According to Russian press reports, it is an amendment to the law on advertising, which states that 10% of the space used to advertise abortion should also inform women about the possible negative consequences such as infertility. "The advertising for abortion should not contain statements on the safety of these health services," reads the text of the bill, released by news agencies. "These ads - said Viktor Zvagelsky, deputy of the ruling party United Russia – lead the young people to believe they will have no problems interrupting a pregnancy”, and he motivates the proposal of the new law with the "depressing" situation of abortions in Russia.

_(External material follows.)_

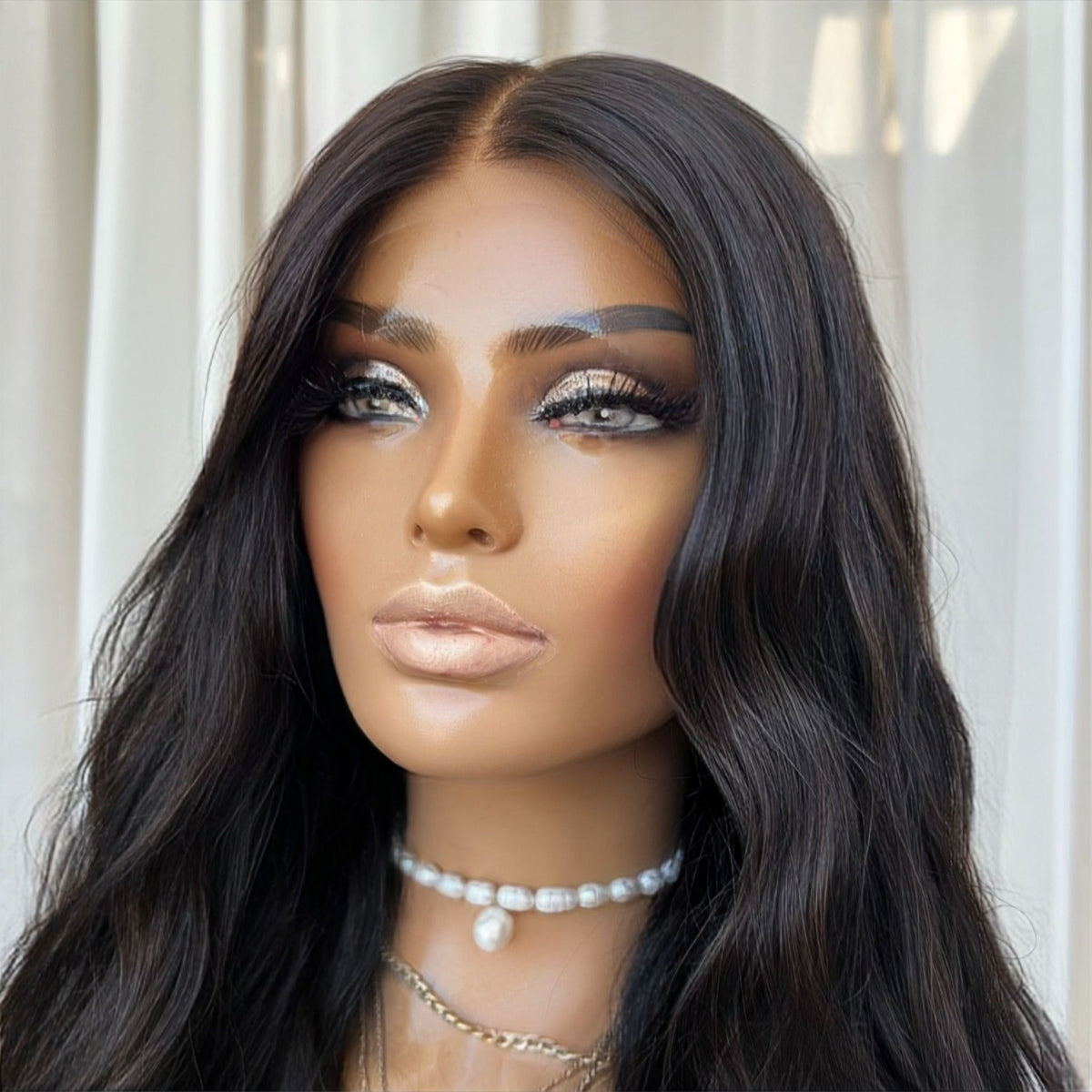 KING KYLIE RAW WAVY | HD LACE FRONT | S-M | MADE TO ORDER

The Federation has one of the highest abortion rates in the world and for time now, experts have been speaking of "a demographic coma". According to figures published by the Duma website, in 2007, there were 1.5 million abortions. The Soviet Union was the first country to legalize abortion in 1920, banned again by Stalin (from 1936 until his death in 1954) interested in encouraging births. For the same purpose, the Communist Party also bestowed awards and money on the most prolific couples, but immediately after the collapse of the USSR the demographic decline has become unstoppable: from 1992 to 2008 the population fell by more than 12 million people to about 143 million. The United Nations estimates that by 2050, Russia will lose a fifth of its population, reaching 116 million. The phenomenon is due to a poor diet that causes heart problems, high rates of alcoholism among men, the spread of HIV / AIDS and the high number of violent deaths.
To combat what Moscow sees as a real war for survival, the government also supports the Orthodox Church which for years has asked for more stringent measures to reduce the number of abortions. According to data from the Russian Social University, the annual abortion rate is far higher than official figures, and in reality is around three to four million.